Abstract
Inhibition of cytochrome P450 (CYP) is a major cause of herb–drug interactions. The CYP1A2 enzyme plays a major role in the metabolism of drugs in humans. Its broad substrate specificity, as well as its inhibition by a vast array of structurally diverse herbal active ingredients, has indicated the possibility of metabolic herb–drug interactions. Therefore nowadays searching inhibitors for CYP1A2 from herbal medicines are drawing much more attention by biological, chemical and pharmological scientists. In our work, a pharmacophore model as well as the docking technology is proposed to screen inhibitors from herbal ingredients data. Firstly different pharmaphore models were constructed and then validated and modified by 202 herbal ingredients. Secondly the best pharmaphore model was chosen to virtually screen the herbal data (a curated database of 989 herbal compounds). Then the hits (147 herbal compounds) were continued to be filtered by a docking process, and were tested in vitrosuccessively. Finally, five of eighteen candidate compounds (272, 284, 300, 616 and 817) were found to have inhibition of CYP1A2 activity. The model developed in our study is efficient for in silico screening of large herbal databases in the identification of CYP1A2 inhibitors.
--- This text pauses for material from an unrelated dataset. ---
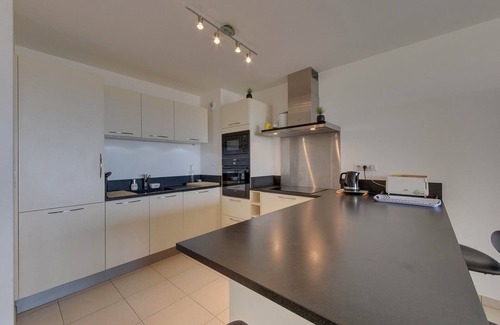 Port District Apartment | Charming 2-bedroom with parking and balcony 900m from center - Châtelaillon-Plage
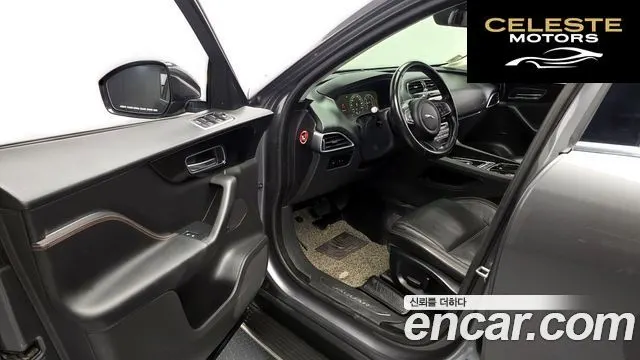JAGUAR F-PACE 20d 2017 — photo 10 sur 20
It will play an important role to prevent the risk of herb–drug interactions at an early stage of the drug development process.
Conclusions
In this study, we have selected several template molecules to generate pharmacophores. 202 different herb compounds were used as test data to test their inhibitory activity against CYP1A2 in vitro and used to identify the best pharmacophore with the highest external predictive power. A highly predictive pharmacophore model was generated with three bifonazole (TMI) in different conformations with sophisticated optimization. A rigorously validated pharmacophore model was then used to screen our in-house database collection of a total of over one thousand herb compounds. 147 hits were filtered out by the selected pharmacophore model and were docked into the active site of CYP1A2. Finally, 18 hits were further filtered and experimentally validated. Five of them were confirmed to have inhibitory activities to CYP1A2, and the accuracy of the model was 27.8%. This study illustrates that the model developed here is efficient for virtual screening of large databases in the identification of CYP1A2 inhibitors or non-inhibitors. Accordingly, the models can play an important role to prevent the risk of e.g., herb–drug interactions through metabolism at an early stage of the drug development process.